Russia‘s Far East region has cancelled the result of a runoff governorship vote in an unprecedented move after claims of vote-rigging in favour of a candidate backed by President Vladimir Putin triggered protests.
A local electoral commission took the decision on Thursday after Russia’s election chief Ella Pamfilova on Wednesday recommended re-running the vote.
The crisis erupted in the Far Eastern region of Primorsky Krai where an opposition candidate accused a ruling party representative endorsed by Putin of “stealing” his victory in the vote last Sunday.
Communist Party candidate Andrei Ishchenko, 37, seemed poised to become the next governor of Primorsky Krai until the results suddenly changed overnight allowing his Kremlin-backed rival, Andrei Tarasenko, to claim victory.
Sunday’s vote was a second-round runoff after Tarasenko failed to win at least 50 percent of the vote in the first stage.

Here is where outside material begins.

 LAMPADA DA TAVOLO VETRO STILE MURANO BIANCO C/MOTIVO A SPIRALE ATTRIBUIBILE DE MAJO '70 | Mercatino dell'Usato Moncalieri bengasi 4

Tarasenko on Thursday accepted the annulment of the vote.
|Andrei Ischenko seemed poised to win governorship until the sudden result change [Reuters]
“There have been too many complaints, everything has to be fair and decent. The cancellation of the vote result is fair,” he told Russian media.
The Communist Party had earlier urged authorities to call the race for Ishchenko instead of re-running it.
Communist candidate Ishchenko said he will appeal the election commission’s decision in court and that he planned rallies in Vladivostok, the capital of Primorsky Krai.
In Moscow, electoral head Pamfilova welcomed the decision saying “there was no other way out in this situation”.
Asked if she can guarantee that the next vote will be fair, she told Interfax news agency: “Now only God can guarantee things.”
On Wednesday, she said there were “serious violations” in the vote and referred to instances of ballot-stuffing and bribes, but denied that it was rigged in favour of the Putin-backed candidate.
Local authorities are due to set a new date for the vote later this month.
While nearly every election in Russia is marred by claims of vote-rigging, the opposition and ordinary Russians said ballot-stuffing during the far eastern vote was especially brazen.
According to the official results, Tarasenko won 49.55 percent of the vote after a sudden surge, while Ishchenko received 48.06 percent.
That result came despite the Communist Party candidate enjoying a five-point lead when more than 95 percent of votes were counted.
The Kremlin this month suffered election blows in the regions of Khabarovsk, Khakasia and Vladimir, where ruling party candidates failed to win in the first round.